Of Wayward Love (L'amore difficile), also known as Sex Can Be Difficult, is a 1962 Italian comedy anthology film directed by Alberto Bonucci, Sergio Sollima, Nino Manfredi and Luciano Lucignani. The film represents the directorial debut of the four authors, who were however all experienced in other areas of the film industry (Manfredi and Bonucci as actors, Lucignani and Sollima as writers). The four episodes are based on short stories by well-known Italian novelists (Mario Soldati, Alberto Moravia, Italo Calvino and Ercole Patti) and share the themes of love and betrayal.

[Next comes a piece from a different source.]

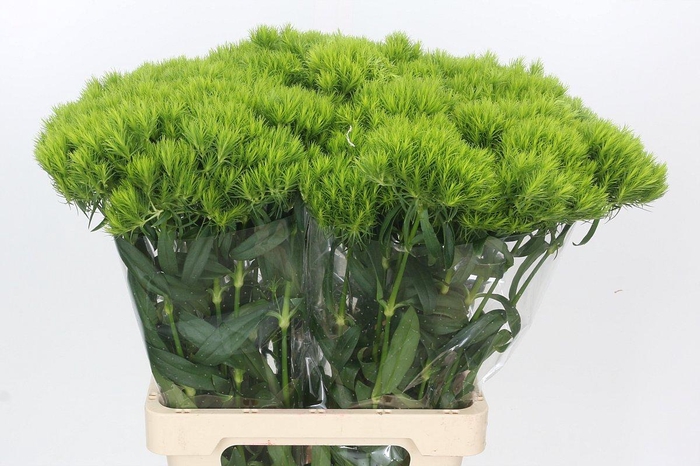 <h4>Dianthus Br Kiwi Mellow</h4>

The film was co-produced with West Germany where it was released with the title Schwierige Liebe.

== Cast ==

=== Le donne ===
- Enrico Maria Salerno: The man
- Catherine Spaak: Valeria
- Claudia Mori: Bruna
(directed by Sergio Sollima)

=== L'avaro ===
- Vittorio Gassman: Tullio Monari
- Nadia Tiller: Elena De Gasperis
- Adriano Rimoldi: Tino De Gasperis
- Lilla Brignone: Tullio's mother
(directed by Luciano Lucignani)

=== L'avventura di un soldato ===
- Nino Manfredi: The soldier
- Fulvia Franco: The widow
- Rosita Pisano: The mother
(directed by Nino Manfredi)

=== Il serpente ===
- Gastone Moschin: The police sergeant
- Bernhard Wicki: Bernhard, the husband
- Lilli Palmer: Hilde, the wife
- Corrado Olmi: Carabiniere
(directed by Alberto Bonucci)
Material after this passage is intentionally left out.